The area remains of interest for mineral exploitation, especially for the rare alloying metal scandium, which is needed for the supply chain of critical US military components. Scandium has essential applications for semiconductors and high-performance aluminium alloys for aerospace industry. The Fifield mining area could become a key supplier of the Western world with scandium, a rare trivalent metal, essential for defence aircraft and data centres. This follows the Australian mining company Sunrise Energy Metals securing a US$400 million ($566m) pledge by the Pentagon to strengthen its supply chain.

=== Village of Fifield ===
A settlement sprang up, known as Fifield after one of the prospectors, and a hotel was being erected there by October 1893; other permanent buildings were being erected too, and there were already some shops forming the core of a town, a baker, butcher and blacksmith.

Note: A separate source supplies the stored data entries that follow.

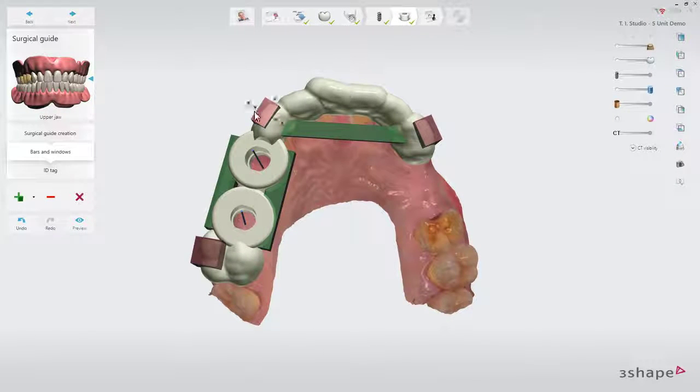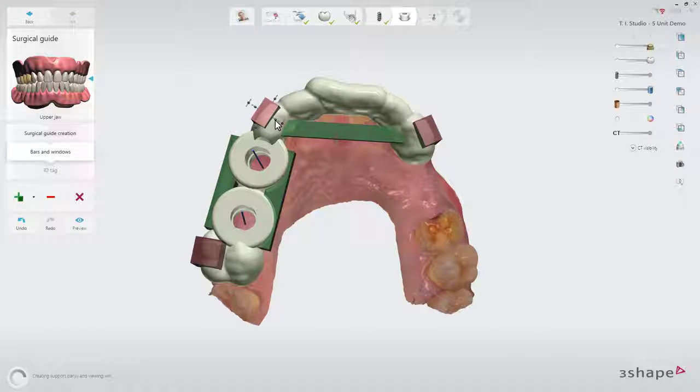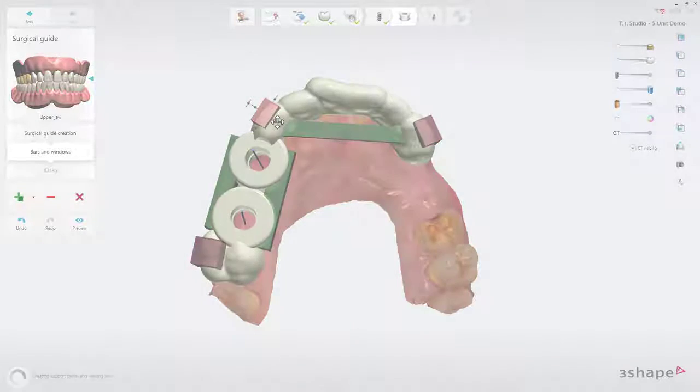You have now learned how to create a flexible treatment plan in Implant Studio. We hope this was helpful — thank you for watching.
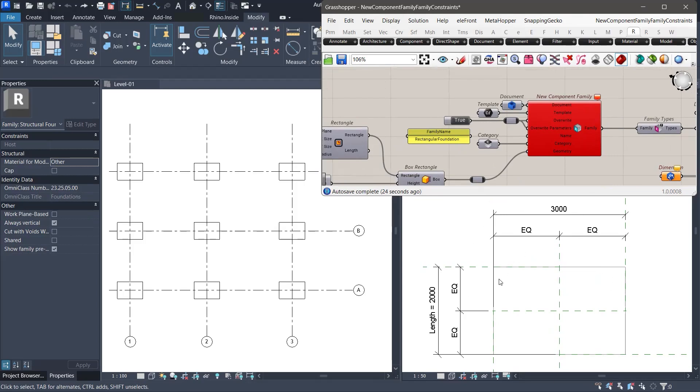But something important happens inside the family. The dimension still exists, but the label that was tied to the width parameter has been removed. Revit breaks the parameter constraint. The dimension becomes static and is no longer linked to the parameter.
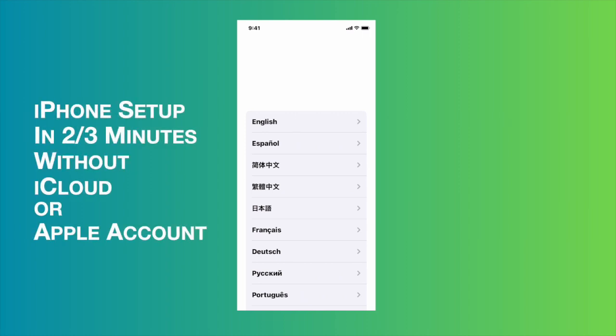Hello, in this video I'm going to show you how you can set up your iPhone without any iCloud account within a few minutes. It will take hardly two to three minutes, so let's see how you can do this.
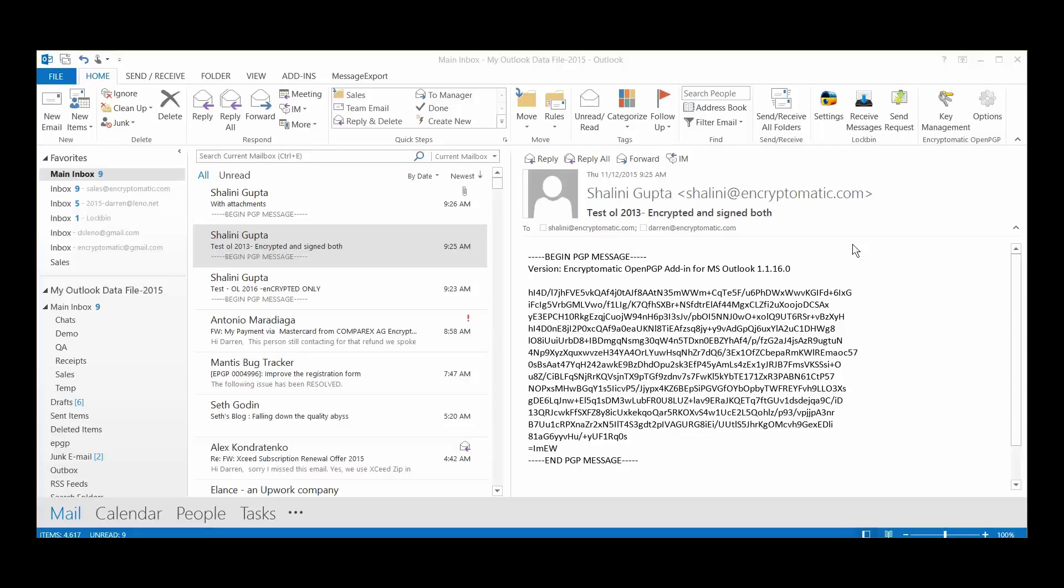Hi, everyone. This is Darren from the Encryptomatic Development Team, and I am so excited today to show you what we've been up to.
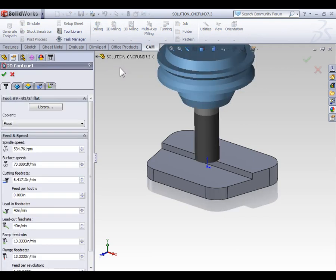Because I've already used my half inch end mill for a previous operation, by default it's already been selected for the current operation. If it wasn't, of course we could select library to select the appropriate tool.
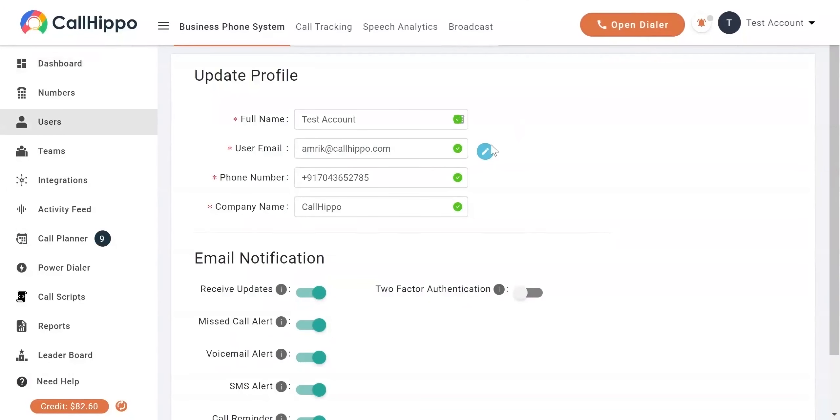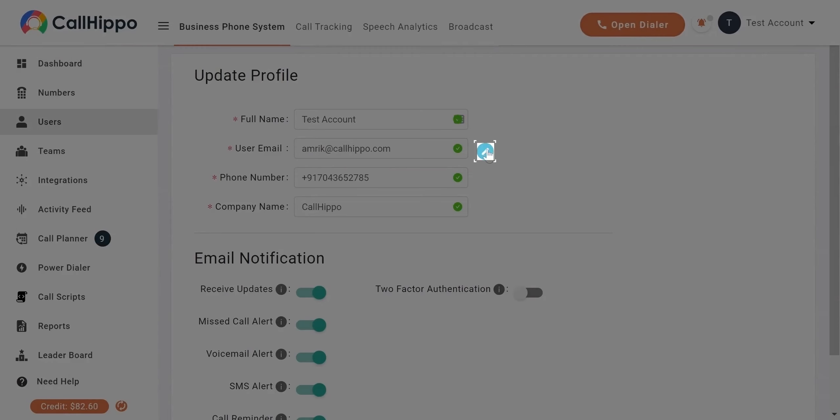You will now be navigated to the user's page. Click on the edit sign beside the email address.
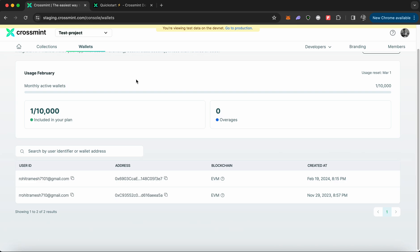This is how you can use Crossmint's wallet APIs to create wallets for your users. You can customize this call however you like. You can also configure it in such a way that you trigger the create wallet API call when a user signs into your web3 application using their email address. That's pretty much it for today's video. Thank you for watching.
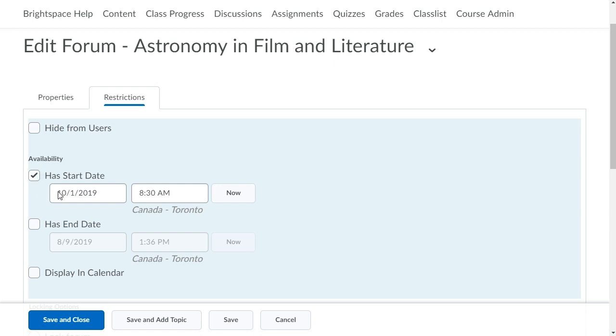Click Has End Date to set the date and time the forum will no longer be available.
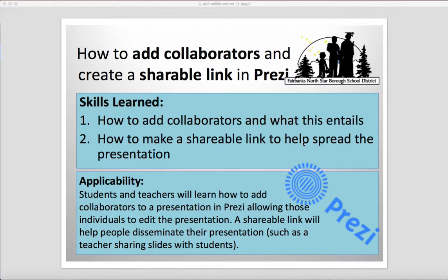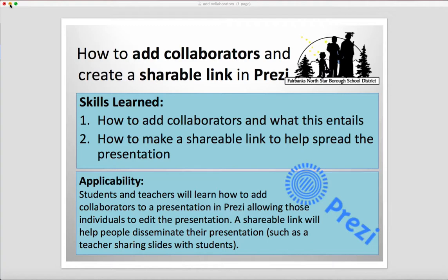Therefore, you'll know how to add collaborators, what this entails, and how to share the presentation with a shareable link. A shareable link helps people disseminate their presentations, such as a teacher sharing slides with students, whereas collaborators let other people edit their presentation.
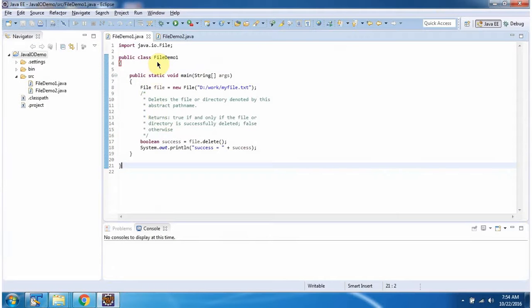Here I have defined the class FileDemo1. It has a main method. Inside the main method, I have created a file object. In the file constructor, I am passing myfile.txt.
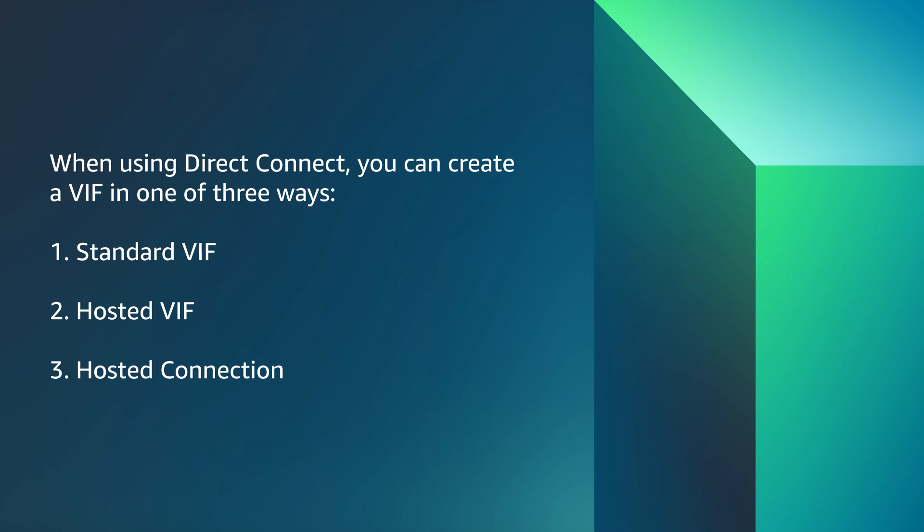Last option, hosted connection, a physical Ethernet connection that an AWS Direct Connect partner provisions for you. Let's look at each option in detail.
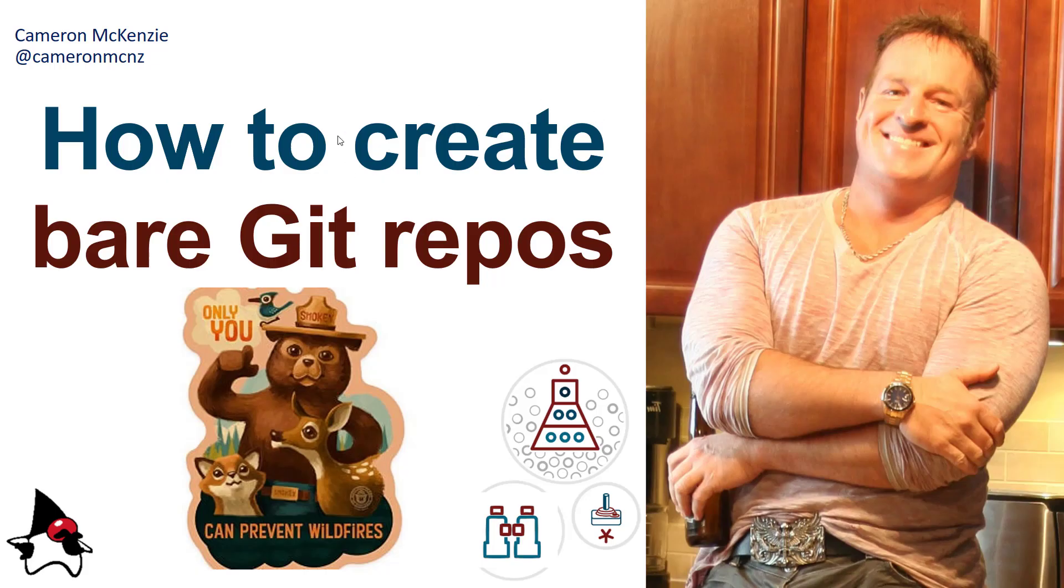Hey, I'm Cameron McKenzie. I'm the editor-in-chief over at TheServerSide.com, and you can follow me on Twitter at CameronMCNZ.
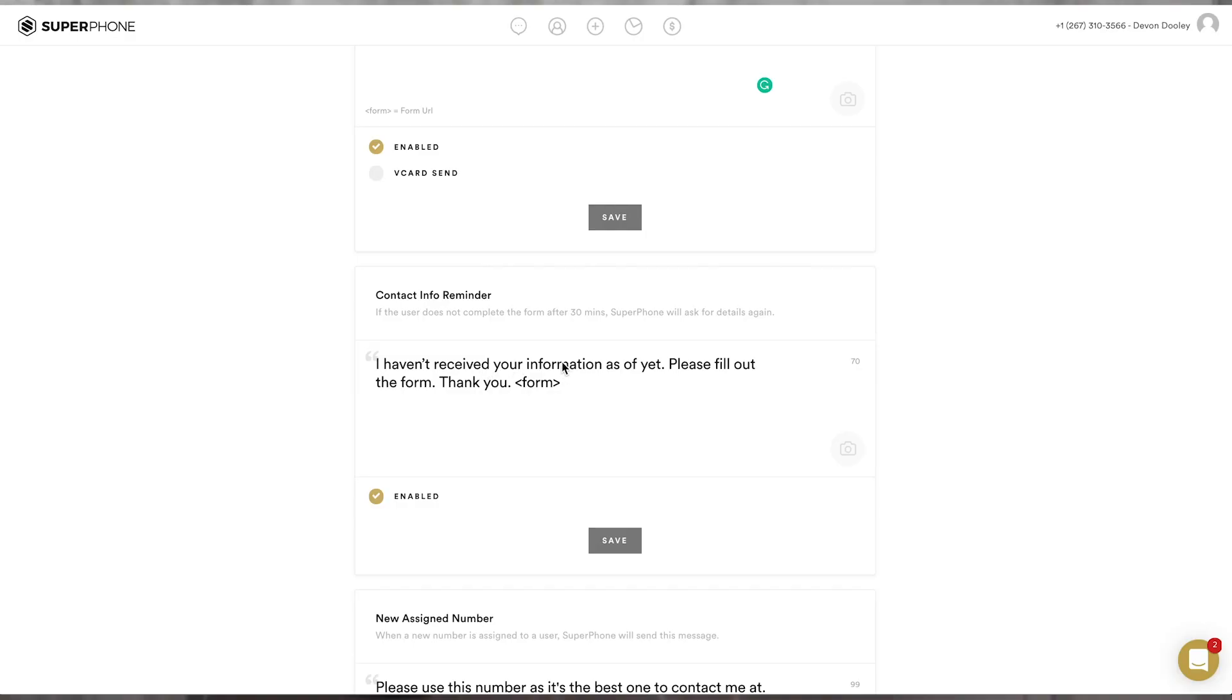Otherwise, your message will not get sent and people won't have a place to input themselves into your phone. Now, let's say someone texts in and doesn't add their information to your form. After 30 minutes, SuperPhone will send a contact info reminder on your behalf to encourage them to enter their information.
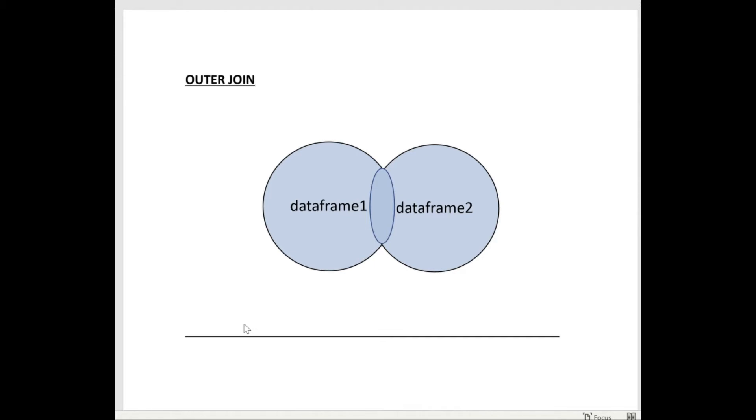Here we are specifically talking about the full outer join. Earlier we have seen the examples of left full outer join and right full outer join.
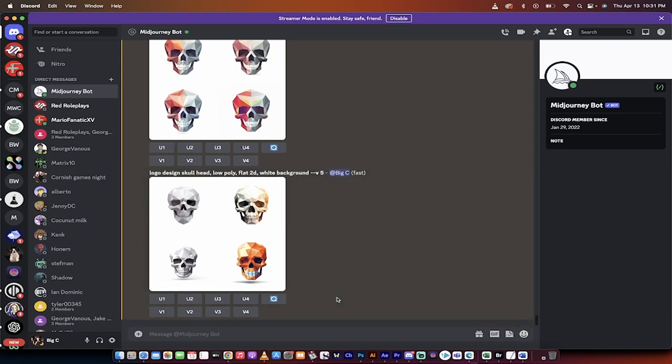Hello everybody, welcome back to another MidJourney version 5 tutorial. In this one, I'm going to show you how to create a logo in MidJourney, and then more importantly, I'm going to show you how to turn it into vector art for free.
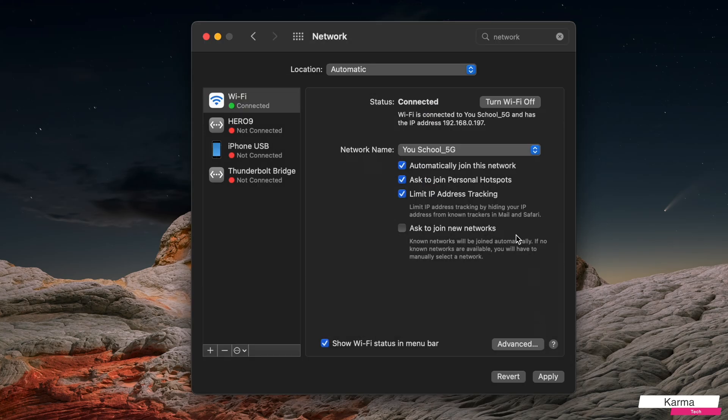And this assigns the IP address. Make sure you click this Apply button as well. So I apply these changes, and now my new IP address has been assigned, which is manually given to this. So that's it, guys.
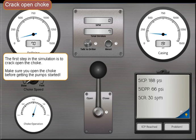The first step in the simulation is to crack open the choke. Make sure you open the choke before getting the pumps started.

The Village of Fiefield was proclaimed on 30 July 1896. However, the village seems to have been more commonly known as Fifield from its earliest days. The village, tank, and cemetery called Fiefield, were renamed, Fifield, officially, in 1979.

Fiefield Post Office opened on 6 September 1893, was renamed Fifield in 1894 and closed in 1981. There was a school, always known as Fifield, from July 1894 to August 1973.

The village had a racecourse, where race meetings were held, from around 1896 to at least 1940. It was also used for other sporting and athletic activities, at least into the beginning of the 1950s. The racecourse ceased to exist, officially, in 1979.

The village has a Catholic church, hotel, war memorial, cemetery, and a 'tank'—or ground tank, an excavated water reservoir, typically found further west, in more arid areas of New South Wales than Fifield. It still supplies the village with untreated non-potable water. There is a plaque commemorating Ruby Stevenson, who operated the village's water pump every day for 35 years. Close to the cemetery is an 80 acre piece of cleared land, once the village's racecourse.

The main street, Slee Street, is named after William Henry John Slee.